Monkey See, Monkey Dismiss: Naruto Loses Copyright Bid For Coolest Selfie Ever

Monkey See, Monkey Dismiss: Naruto Loses Copyright Bid For Coolest Selfie Ever

 

In what some deemed "a goofy yet vicious" lawsuit against a (human) nature photographer, the often-sketchy People For The Ethical Treatment of Animals (PETA) have lost their years-long court battle for copyright ownership of this terrific selfie taken by Naruto, an endangered but obviously gifted six-year-old macaque monkey in Indonesia. On Wednesday, US District Judge William Orrick tentatively ruled against the suit, citing a 2014 finding by the U.S. Copyright Office thatworks “produced by nature, animals or plants” cannot be granted copyright protection and are thus in the public domain. PETA's argument that the policy is "only an opinion (with) no limit on species,” he added, was "a stretch."

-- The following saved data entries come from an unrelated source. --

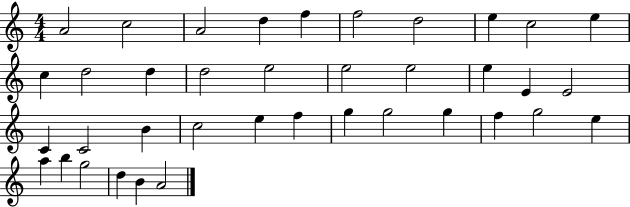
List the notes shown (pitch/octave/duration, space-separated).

A4/h C5/h A4/h D5/q F5/q F5/h D5/h E5/q C5/h E5/q C5/q D5/h D5/q D5/h E5/h E5/h E5/h E5/q E4/q E4/h C4/q C4/h B4/q C5/h E5/q F5/q G5/q G5/h G5/q F5/q G5/h E5/q A5/q B5/q G5/h D5/q B4/q A4/h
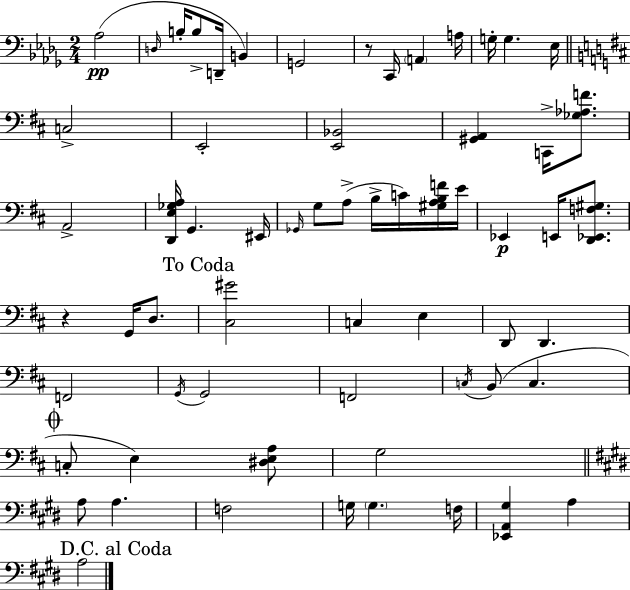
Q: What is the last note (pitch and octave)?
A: A3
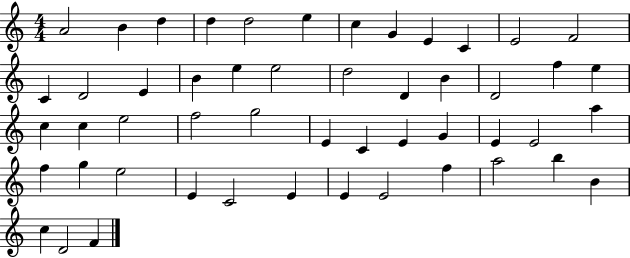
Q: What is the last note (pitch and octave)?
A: F4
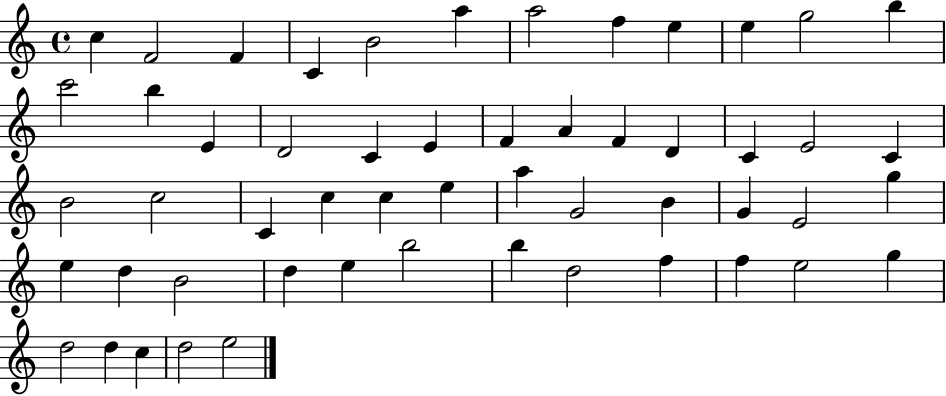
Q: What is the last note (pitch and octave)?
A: E5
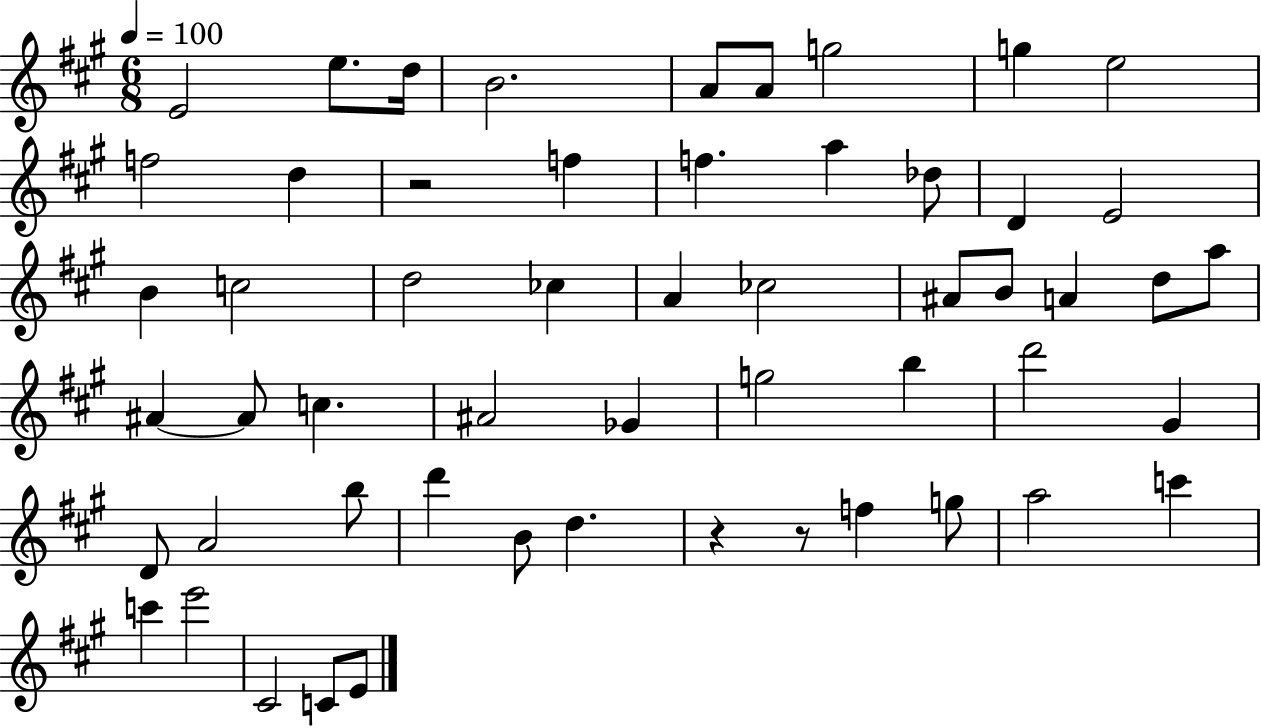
{
  \clef treble
  \numericTimeSignature
  \time 6/8
  \key a \major
  \tempo 4 = 100
  e'2 e''8. d''16 | b'2. | a'8 a'8 g''2 | g''4 e''2 | \break f''2 d''4 | r2 f''4 | f''4. a''4 des''8 | d'4 e'2 | \break b'4 c''2 | d''2 ces''4 | a'4 ces''2 | ais'8 b'8 a'4 d''8 a''8 | \break ais'4~~ ais'8 c''4. | ais'2 ges'4 | g''2 b''4 | d'''2 gis'4 | \break d'8 a'2 b''8 | d'''4 b'8 d''4. | r4 r8 f''4 g''8 | a''2 c'''4 | \break c'''4 e'''2 | cis'2 c'8 e'8 | \bar "|."
}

The case - focusing on the age-old question, If a monkey takes a selfie in the woods and it goes viral, who gets the big bucks? - has wound through the courts since 2011, after a jungle shoot by British photographer David Slater in Indonesia's Tangkoko reserve. After spending days building trust with a group of macaque, Slater left his camera untended on a tripod for a few minutes, the curious animals began playing with it, and Naruto's series of selfies emerged. After the shots were widely and freely reprinted, Slater sought copyright of the image for his company, Wildlife Personalities Ltd. But PETA, filing under the legal designation of Naruto's "next friend," sued for copyright infringement.

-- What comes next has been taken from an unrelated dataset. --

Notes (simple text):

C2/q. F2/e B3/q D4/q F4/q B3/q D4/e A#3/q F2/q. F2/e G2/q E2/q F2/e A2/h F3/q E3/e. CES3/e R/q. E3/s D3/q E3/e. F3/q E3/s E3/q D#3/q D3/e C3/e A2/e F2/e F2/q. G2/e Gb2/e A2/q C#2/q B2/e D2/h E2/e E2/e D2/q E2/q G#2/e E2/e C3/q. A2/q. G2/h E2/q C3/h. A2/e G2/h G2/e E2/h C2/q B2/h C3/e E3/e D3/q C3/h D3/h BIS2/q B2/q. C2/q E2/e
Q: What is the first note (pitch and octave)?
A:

They argued that Naruto created the selfies through “purposeful and voluntary actions...…understanding the (camera's) cause-and-effect relationship. “Naruto has the right to own and benefit from the copyright (in) the same manner and to the same extent as any other author.” Seeking monetary damages, they sought to use the proceeds of the photos to benefit Naruto and his community, whose habitat and existence are under threat. PETA lawyers cited lofty arguments about society's "moral imperative" to foster further evolution and recognize that, "All animals deserve basic legal rights that reflect their complex traits and needs....So what if they aren't people? They are whole beings of another nation."

Harumph, said many critics, who considered the broader issue questionable, the legal one "an uphill battle," and the dragging of a photographer into court a dumb stunt that "trivializes the terrible problems of needless animal slaughter and avoidable animal exploitation." Slater called the lawsuit "ridiculous," adding he was saddened it "makes animal welfare charities look bad." His lawyer might be the only person who enjoyed the whole thing even before the judge's ruling: He got to use the phrase "Monkey See, Monkey Dismiss," memorably argue "the only pertinent fact in this case is that plaintiff is a monkey suing for copy infringement," and get paid for it. No word from Naruto, though it's easy to imagine them making that grinning selfie face at the unholy foolishness of our species.